Go through the data below and return each line where the string "Blue" appears.

──────── Exercise materials

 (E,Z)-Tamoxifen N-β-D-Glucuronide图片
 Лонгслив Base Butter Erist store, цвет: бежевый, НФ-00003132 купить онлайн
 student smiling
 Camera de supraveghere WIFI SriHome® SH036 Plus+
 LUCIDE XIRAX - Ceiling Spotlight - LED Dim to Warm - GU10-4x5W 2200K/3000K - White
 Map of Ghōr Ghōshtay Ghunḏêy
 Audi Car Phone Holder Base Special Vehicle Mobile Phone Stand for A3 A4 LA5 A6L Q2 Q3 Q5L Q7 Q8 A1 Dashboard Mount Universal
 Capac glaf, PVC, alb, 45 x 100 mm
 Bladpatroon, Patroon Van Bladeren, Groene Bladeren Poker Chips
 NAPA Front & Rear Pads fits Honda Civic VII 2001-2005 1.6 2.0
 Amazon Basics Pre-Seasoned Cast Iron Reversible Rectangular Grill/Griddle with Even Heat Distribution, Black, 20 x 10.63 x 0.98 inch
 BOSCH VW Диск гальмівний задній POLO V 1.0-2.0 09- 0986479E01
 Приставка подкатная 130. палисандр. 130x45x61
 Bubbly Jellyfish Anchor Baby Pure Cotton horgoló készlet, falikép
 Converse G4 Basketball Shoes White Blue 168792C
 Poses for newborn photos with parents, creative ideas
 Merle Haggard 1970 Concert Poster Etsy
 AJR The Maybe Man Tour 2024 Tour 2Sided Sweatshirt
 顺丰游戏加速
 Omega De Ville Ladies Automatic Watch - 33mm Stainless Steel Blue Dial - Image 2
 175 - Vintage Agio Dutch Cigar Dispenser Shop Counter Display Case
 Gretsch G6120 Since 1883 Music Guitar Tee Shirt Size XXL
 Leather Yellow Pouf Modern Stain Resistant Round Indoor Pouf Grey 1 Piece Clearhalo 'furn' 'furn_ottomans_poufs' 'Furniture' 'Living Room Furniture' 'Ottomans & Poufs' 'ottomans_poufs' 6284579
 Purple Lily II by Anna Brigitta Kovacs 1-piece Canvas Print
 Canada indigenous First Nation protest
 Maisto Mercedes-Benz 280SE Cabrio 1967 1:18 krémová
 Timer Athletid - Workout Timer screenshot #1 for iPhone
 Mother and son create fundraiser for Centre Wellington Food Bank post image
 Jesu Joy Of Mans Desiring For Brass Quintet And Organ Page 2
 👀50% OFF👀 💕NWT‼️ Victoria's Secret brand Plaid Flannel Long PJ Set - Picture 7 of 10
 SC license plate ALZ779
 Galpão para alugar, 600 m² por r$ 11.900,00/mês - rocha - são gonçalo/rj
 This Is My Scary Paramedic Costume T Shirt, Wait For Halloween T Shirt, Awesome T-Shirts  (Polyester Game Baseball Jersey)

────────────────

■ Written reply
 Converse G4 Basketball Shoes White Blue 168792C
 Omega De Ville Ladies Automatic Watch - 33mm Stainless Steel Blue Dial - Image 2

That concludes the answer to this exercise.